Don't know if it woulda been different in any other city but San Francisco was a seriously bad choice. Two years earlier the Summer of Love had happened on the very streets the parade was 'sposed to hike down. And the U. of California at Berkley, one of the seats of the anti-war movement, was just across the Bay Bridge. Maybe even the song by Donovan, Universal Soldier, had something to do with it by putting the blame on the shoulders of us grunts. Yup, there were a lot of righteous I didn't go 'cause I'm a helluva lot more moral than you types in the area. And they knew for absolute certain the GIs marchin' down the street coulda stayed home if they'd been smart. 'Course they might have softened a little on the black soldiers 'cause they were just pawns in the game. As for us white GIs, no doubt we were all hawkish, kill 'em if you find 'em types. Maybe even unchained from the basements down in Mississippi where we'd been kept 'cause we weren't moral enough to be in the Ku Klux Klan.
So the boys in green lined up and marched down the streets to the tunes of booing and shouts of, "Baby killers!" For sure some babies were killed 'cause we were there. Also for sure that none of the men I knew woulda done anything like that. We didn't even smoke dope. All we wanted was to go home.

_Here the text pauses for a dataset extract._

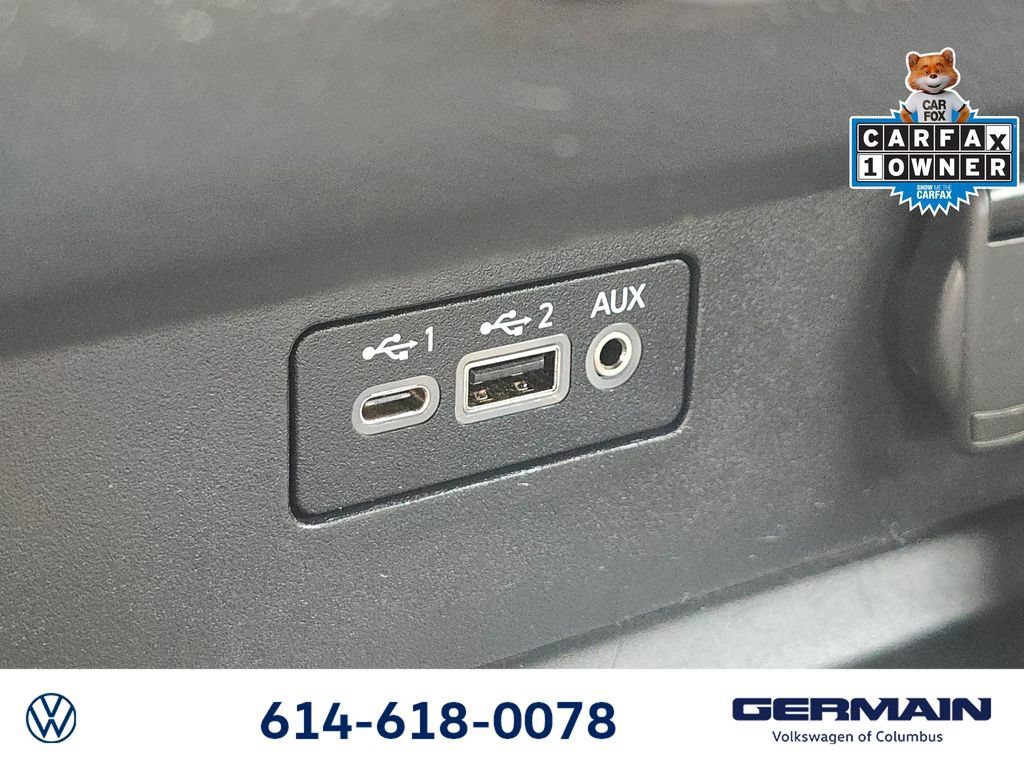 Used 2024 Nissan Altima 2.5 SR FWD image 34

Like I'd said earlier, what we heard was through the rumor mill. But that didn't matter to us in the least. All we wanted now was to go home and be left alone. It'd been a shitty war, no doubt a shitty peace was gonna follow. And us draftees were caught in the middle between the pro-war side who we didn't much like 'cause they'd sent us to a war we couldn't win and the peaceniks who thought we'd sinned against humanity by going. We were screwed, glued and tattooed. And damned sure we never wanted to be in a parade. Welcome home, my ass.
I feel about the same as I write this. Too late for anyone to say thank you now. And it was too late in 1969. It'll always be too late.